In the weeks leading up to the conflict, Iranian oil exporters accelerated their shipments from Kharg, which shot up from around 1.5 million barrels a day to four million, according to research by the industry monitoring firm Kpler. “That means the Iranians read Trump differently than the Western media does,” argued Guy Laron, a historian at the Hebrew University of Jerusalem, on 7 March. “They don’t think he’s after regime change or democracy. They think he’s after oil.”
Laron sees an American plan to “Venezuelise” Iran, which would involve working with a new, or modified, Iranian regime on oil production, as Trump apparently plans to do with the acting president in Venezuela, Delcy Rodríguez. This would give the US direct control over Iran’s most important stream of income, or so the theory goes, and, if the US Navy also establishes a dominant presence in the Strait of Hormuz, a grip on the “jugular of global energy trade”. The US’s systematic targeting of the Iranian navy, including a torpedo strike that sunk a frigate in the Indian Ocean on 4 March, is evidence, in his view, that the US is “clearing the operational space for a naval seizure of Kharg”.
On one level, it is possible to imagine how an operation to capture Kharg might unfold. The island is sparsely populated and vulnerable to amphibious assault, with Iran’s air defences already “severely degraded”, according to US Central Command. Trump has refused to rule out sending US ground forces into Iran, assuring reporters on 2 March that, unlike his predecessors, he doesn’t “have the yips with respect to boots on the ground”. Four days later, NBC News reported that the US president was privately discussing the idea of deploying ground troops for specific strategic purposes – a definition that could conceivably include the oil facilities on Kharg.
If the US succeeded in securing control of Iran’s main oil export terminal, and with it a major source of revenue for the Revolutionary Guard, Trump might reasonably believe he would be in a position to dictate terms to the leadership in Tehran. But such a strategy would depend on the new Iranian leadership – which so far looks a lot like the previous Iranian leadership – concluding that pragmatic capitulation to the Americans is the most preferable option. If the regime opted instead to target a US-controlled Kharg, adopting an “if we burn, you burn with us” strategy, the immediate impact would be an even greater surge in global oil prices and widespread economic pain. The surviving leadership might wager they can endure the consequences for longer than the US and its allies.

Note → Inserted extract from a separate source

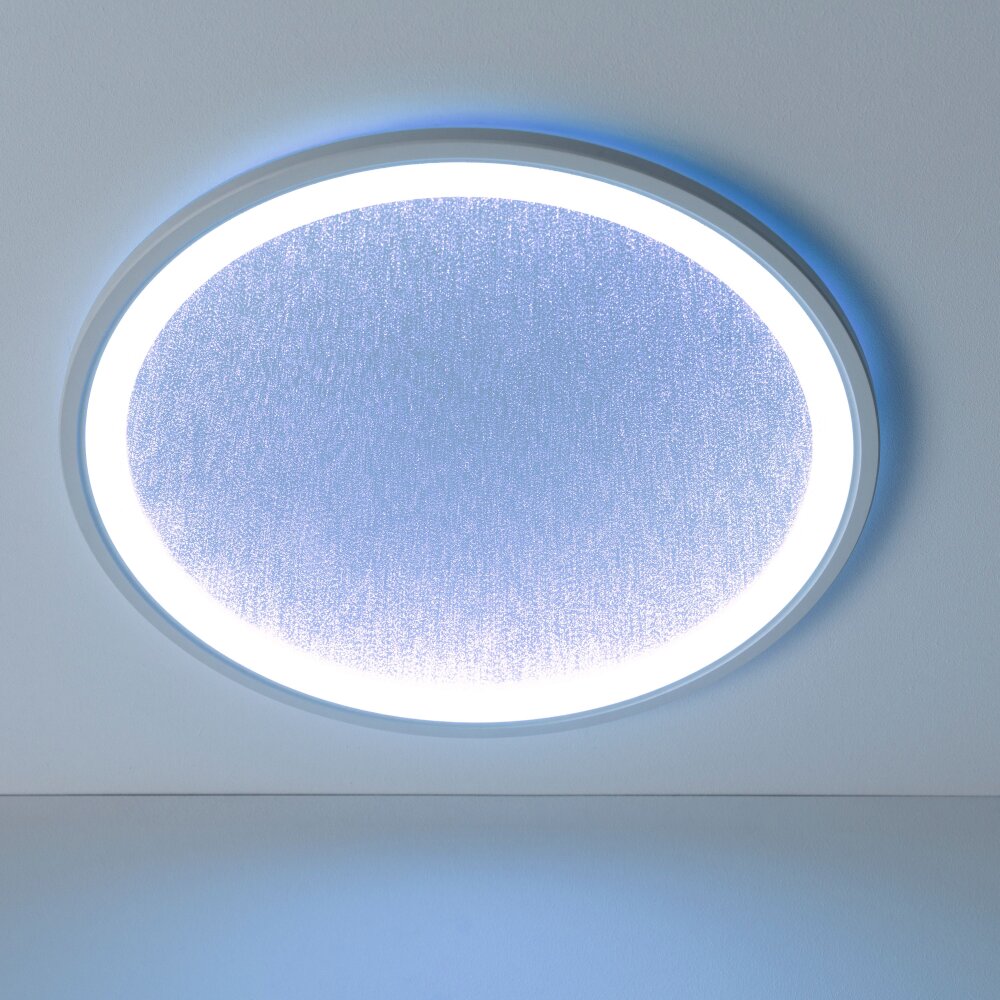 Brilliant Tanida Deckenpanel LED Weiß, 1-flammig, Fernbedienung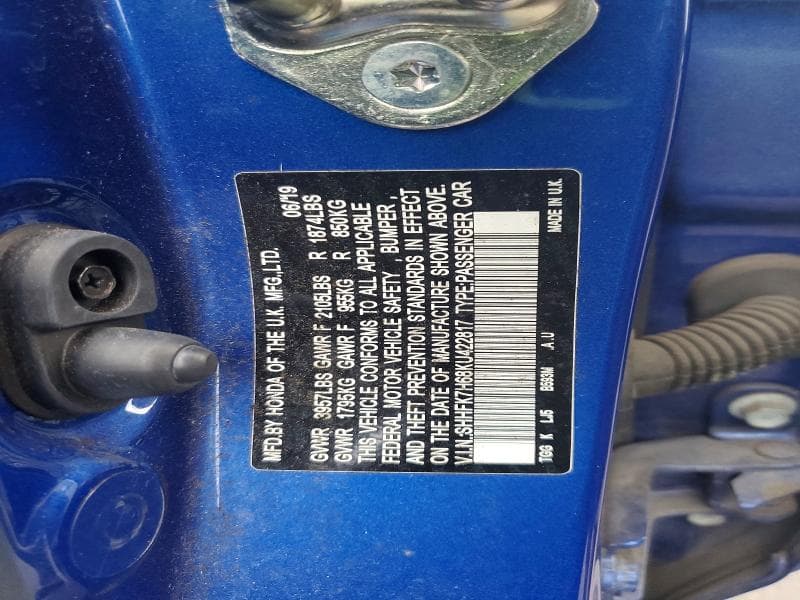 2019 HONDA CIVIC EX EX 12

For his part, Trump does not sound like a president with a devious plan to seize control of Iran’s oil. “Certainly, people have talked about it,” he said in an interview on 9 March. “People have thought about it, but it’s too soon to talk about that.” The most likely explanation as to why the US has not yet attacked Kharg Island is also the most obvious: Trump is keeping his options open, wary of completely destroying the economy of a country whose future leadership he wants to help select, as well as the global market panic that would presumably ensue. The US unquestionably has the power to decimate Iran’s oil industry, but doing so risks destroying any prospect of a more palatable Iran – at least from Washington’s perspective – emerging from this war, and unleashing a form of mutually assured economic destruction that would wreak havoc around the world.
Trump has also been talking up the idea that the war would soon come to an end. “We took a little excursion because we felt we had to do that to get rid of some evil,” he told Republican lawmakers and donors at his Doral golf club in Florida on 9 March. “And I think it’s going to be a short-term excursion.” He assured CBS News the same day that the war was “very complete, pretty much”. Then again, he insisted that the US would not allow Iran to “hold the world hostage” over oil and mused of the Strait of Hormuz that he was “thinking about taking it over”. And so the war, and the vexing search for the strategy behind it, goes on.
[Further reading: Will Nato split the Green Party?]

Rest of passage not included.